On average a message is broken down into 262 tokens (this is based of Sidney's mail flow) our target goal for deployment is ~2-3k msg/min capacity. For DB_file, this results in the worst case as, 25-52 mb/sec of read IO (4k read blocks * msg/sec * #tokens). Our benchmarking is pretty much in line with the theoretical numbers. This doesn't take into account database updates.
This really crystallizes it for me. Even though I said I wasn't going to say more until we saw some actual number [ :-) ], I'm willing to go out on a limb now and predict that switching to SQL will not make a difference for you. Here is my reasoning, which I think is completely independent of whether we use DB_File or SQL or any other disk based storage:
For each of the average 262 tokens in a message you have to access a database element to get the Bayes info for that user for that token. Either that element is on the disk or else it is already cached in memory. If it is on the disk, that means a minimum of one 4k disk block being read in.

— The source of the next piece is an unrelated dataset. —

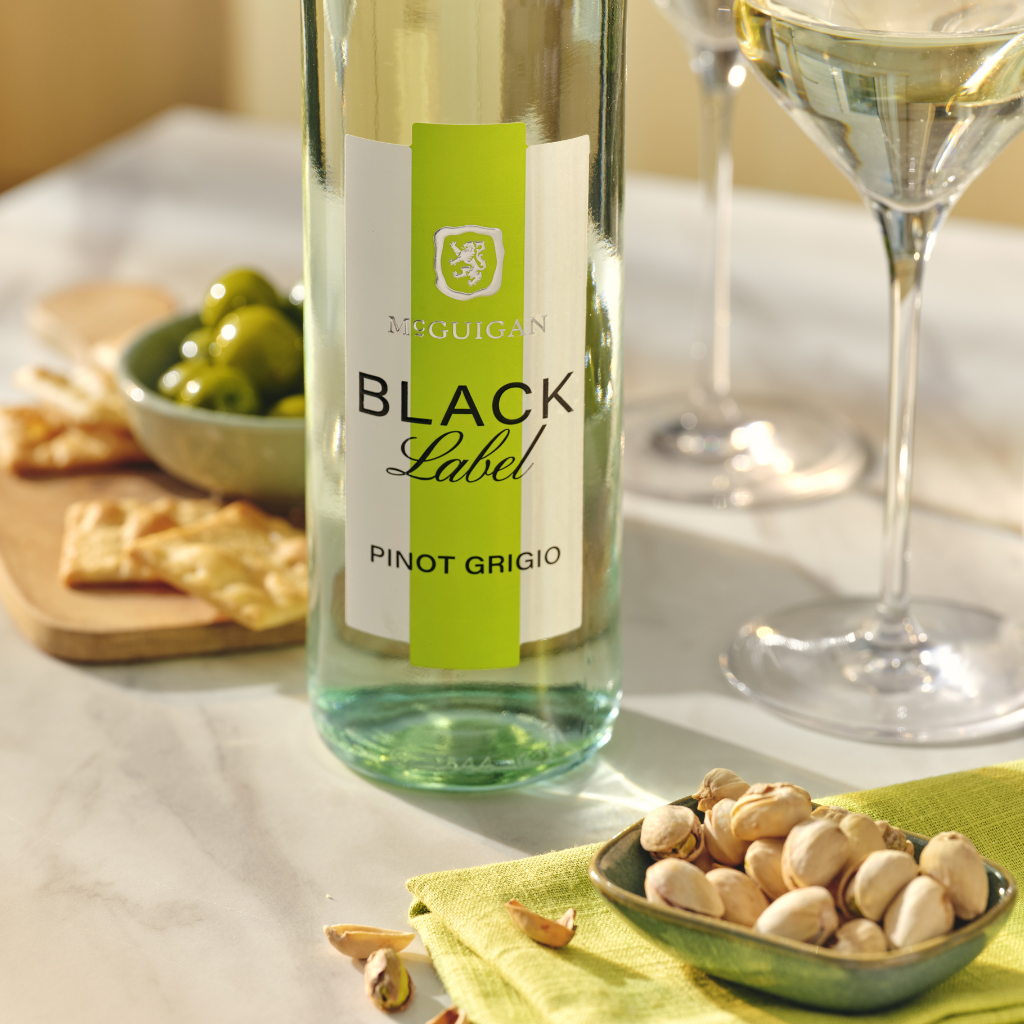 person sitting on a wine barrel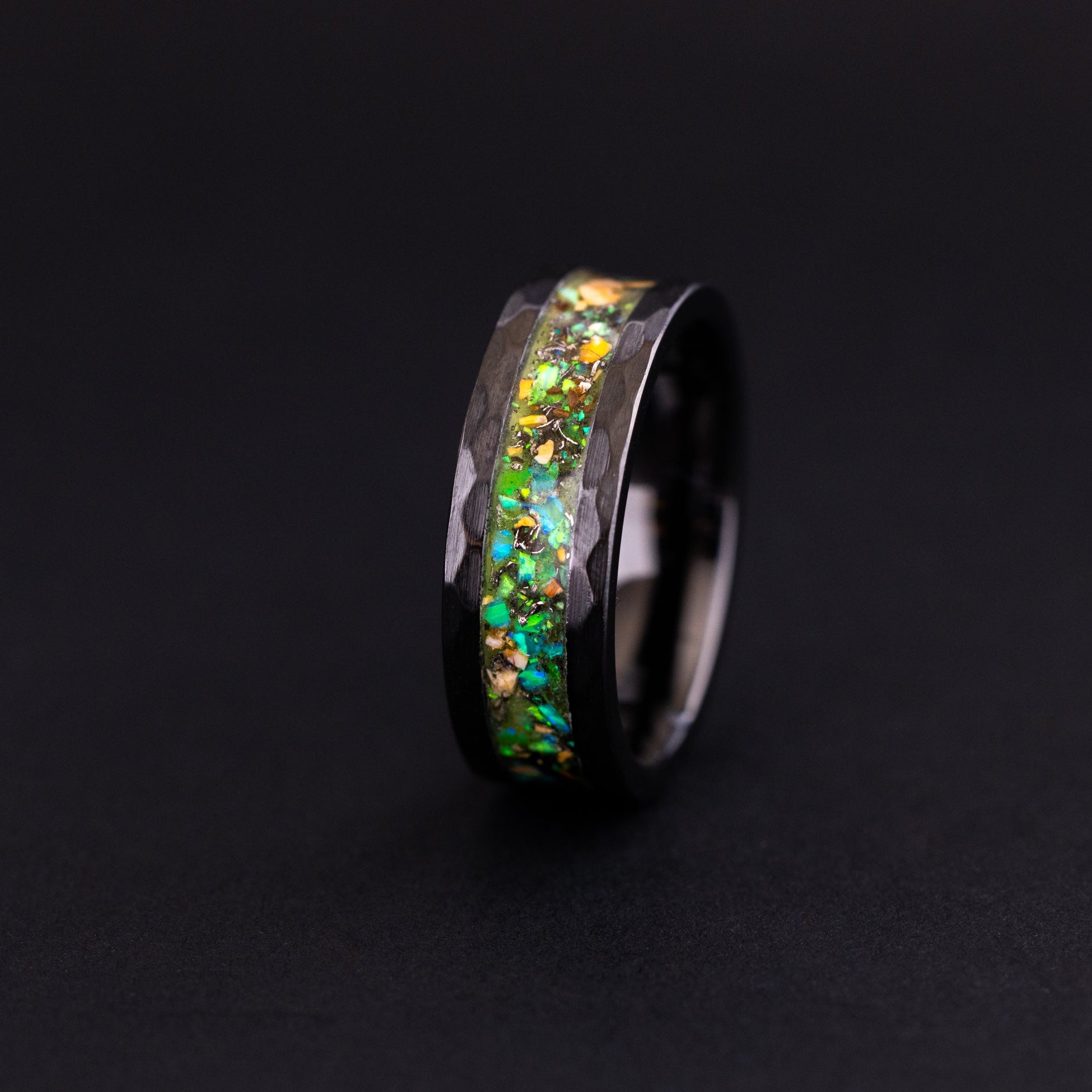 Handcrafted 8mm hammered black ceramic wedding band featuring prehistoric raptor bone and vibrant green glow.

The only ways I can think of right now to read less than 4k * 262 bytes per message are: 1) cache all of the users' Bayes db in between messages, i.e., have tens or hundreds of Gb of ram cache; 2) find a way to not require the database info for a large percentage of the tokens; or 3) get more than one of the tokens that are in the message in each 4k block that is read.
The first one isn't feasible, and the second is a radical approach that isn't likely to be feasible though I will think about it.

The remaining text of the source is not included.